As the fall teaching season begins I think carefully about each student. Where they are in this process, what their strengths are and, of course, what we need to work on. What seems to be the common thread this year is work on focusing. Strengthening the muscles that help us to full immerse ourselves in the music in front of us.

One afternoon Meg was playing in her lesson and Jen came in carrying her cello. Their lessons are back to back so, this can happen fairly frequently. This day Meg was playing something particularly challenging for her and the moment that Jen crossed the threshold I saw an immediate and very obvious shift in her focus. She stumbled in her playing and I watched her eyes break from the music. Once that happens there is a snowball effect as the brain scrambles to regain focus.

Learning to focus on anything that we are doing takes the same amount of effort, practice and patience as learning the notes in our music. Focus is a muscle that needs regular work-outs to become stronger.

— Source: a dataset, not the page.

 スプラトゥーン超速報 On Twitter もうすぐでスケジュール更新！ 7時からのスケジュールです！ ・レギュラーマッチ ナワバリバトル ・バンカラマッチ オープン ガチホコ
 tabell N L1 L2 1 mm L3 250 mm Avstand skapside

I’ve always been a proponent of breaking practice time into pieces with the goal being obtaining the most efficient practice possible. Unfortunately we are human and being human means that our tendency is to do the things that make us feel the best. Feeding that ever-hungry ego. In reality the better way to spend our precious practice time is to work on the very things that make us feel the worst and save repeatedly playing the entire piece for a few times between lessons.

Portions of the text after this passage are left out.